I’m a fairly serious competitive Scrabble player (no, really), which is why I was seriously freaked out to read this morning that Mattel was changing the rules of the game for the first time in 62 years to allow proper nouns like “Jay-Z” and “Shakira” as playable words. The story has been enthusiastically picked up by British media outlets, including The Telegraph, the Daily Mail, and BBC News.
This would be a nightmare for a number of reasons, not least of which would be deciding which nouns are “proper”: Which brands, celebrities, and acronyms are “big” enough that they warrant dictionary entries? Does “TomKat,” for Tom Cruise and Katie Holmes’ annoyingly portmanteaued relationship, work? Is “Bennifer” still valid even though Ben Affleck and Jennifer Lopez have since broken up? All of which raises another point: Scrabble as we know it would become really dumb.
Fortunately, we got in touch with a Mattel rep, and he confirmed that the rumors of a Scrabble rule change making the rounds in the British press are wildly overblown.
Philip Nelkon, a representative for Mattel and a legendary Scrabble player in his own right, told us that the proposed rule changes applied to a family-oriented new variant on the game, but that classic Scrabble would continue to exist as it currently does, with no changes to the rules or the dictionary.
[The British press] refers to a new edition of the classic game that introduces new twists on the classic rules. One of the new rules includes the opportunity for players to play proper nouns and there are others included such as playing a word backwards or stealing opponent’s tiles, introducing new dimensions of play. The new rules provide a great new opportunity for families to get involved in word play.
The new game will appear later in the year, the classic game will still be available and will not change.
Interestingly, despite all of the “outrage!” stories popping up about the largely made-up Scrabble rule change, some of the more photographically-memoried expert-level Scrabble players might actually welcome such a change, as it would give them more words to memorize and thus more tools with which to trounce their competition: With an expanded dictionary, there would be an expanded number of better optimum plays in many positions.
For instance, there’s currently no 7-letter word containing the letters AAHIKRS, but if “SHAKIRA” was a playable word, if you had those seven letters on your rack, you could play them all off and get the 50-point bonus that comes with playing off all of your letters. Under the current Scrabble dictionary, you can only make a so-called “bingo” with AAHIKRS if there’s an open T on the board, in which case you can play KITHARAS, which is the plural of KITHARA, which is listed by the Official Scrabble Players’ Dictionary as an alternate spelling for “cithara,” which is an ancient Greek musical instrument.

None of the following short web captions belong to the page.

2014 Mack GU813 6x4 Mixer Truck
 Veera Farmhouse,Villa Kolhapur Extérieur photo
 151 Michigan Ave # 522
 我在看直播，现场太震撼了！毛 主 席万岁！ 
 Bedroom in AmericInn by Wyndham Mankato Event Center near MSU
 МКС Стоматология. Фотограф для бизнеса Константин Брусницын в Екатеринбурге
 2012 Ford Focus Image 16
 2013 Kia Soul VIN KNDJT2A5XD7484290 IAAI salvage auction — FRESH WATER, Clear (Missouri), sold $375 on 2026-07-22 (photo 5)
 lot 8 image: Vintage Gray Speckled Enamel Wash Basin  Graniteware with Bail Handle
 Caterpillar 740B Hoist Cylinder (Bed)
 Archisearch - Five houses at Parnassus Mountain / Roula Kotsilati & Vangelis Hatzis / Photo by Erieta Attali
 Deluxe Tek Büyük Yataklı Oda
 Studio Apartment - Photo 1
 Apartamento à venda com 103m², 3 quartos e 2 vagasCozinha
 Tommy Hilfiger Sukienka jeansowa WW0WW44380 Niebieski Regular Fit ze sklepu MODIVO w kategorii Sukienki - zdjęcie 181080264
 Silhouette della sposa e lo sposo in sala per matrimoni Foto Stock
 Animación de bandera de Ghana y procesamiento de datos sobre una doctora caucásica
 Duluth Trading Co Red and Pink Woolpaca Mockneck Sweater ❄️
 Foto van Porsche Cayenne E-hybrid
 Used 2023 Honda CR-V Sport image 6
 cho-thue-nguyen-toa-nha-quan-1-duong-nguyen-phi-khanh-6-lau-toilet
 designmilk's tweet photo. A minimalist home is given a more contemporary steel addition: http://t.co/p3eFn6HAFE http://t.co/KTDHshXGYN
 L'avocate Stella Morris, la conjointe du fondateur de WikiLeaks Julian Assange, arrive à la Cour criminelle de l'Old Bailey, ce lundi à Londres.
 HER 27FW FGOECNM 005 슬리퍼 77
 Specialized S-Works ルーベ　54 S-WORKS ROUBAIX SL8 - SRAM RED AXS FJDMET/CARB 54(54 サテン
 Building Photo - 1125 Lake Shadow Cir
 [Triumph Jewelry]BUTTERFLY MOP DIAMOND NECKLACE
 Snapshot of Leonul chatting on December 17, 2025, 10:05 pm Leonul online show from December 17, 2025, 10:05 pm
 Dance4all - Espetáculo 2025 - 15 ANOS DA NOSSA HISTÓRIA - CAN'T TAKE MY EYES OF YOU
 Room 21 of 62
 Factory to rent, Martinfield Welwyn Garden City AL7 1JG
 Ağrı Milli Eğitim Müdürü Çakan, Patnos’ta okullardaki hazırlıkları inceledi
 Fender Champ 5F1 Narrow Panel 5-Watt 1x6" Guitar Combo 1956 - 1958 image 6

Of course, there’s an argument to be made that a game that allows the alternate spellings of ancient Greek musical instruments but ignores the names of popular modern-day musicians is a little bit out of rhythm with the times — which is why, while I hold my nose a little at the new family friendly variant, it’s not the worst thing in the world. People who see the game as a light diversion may play the new ‘relaxed’ version (though I suspect that classic Scrabble will continue to outsell it), and players who take the real game at all seriously will continue to play that. It’s just a relief that not everybody is being dragged down into the same, celebrity-obsessed pit.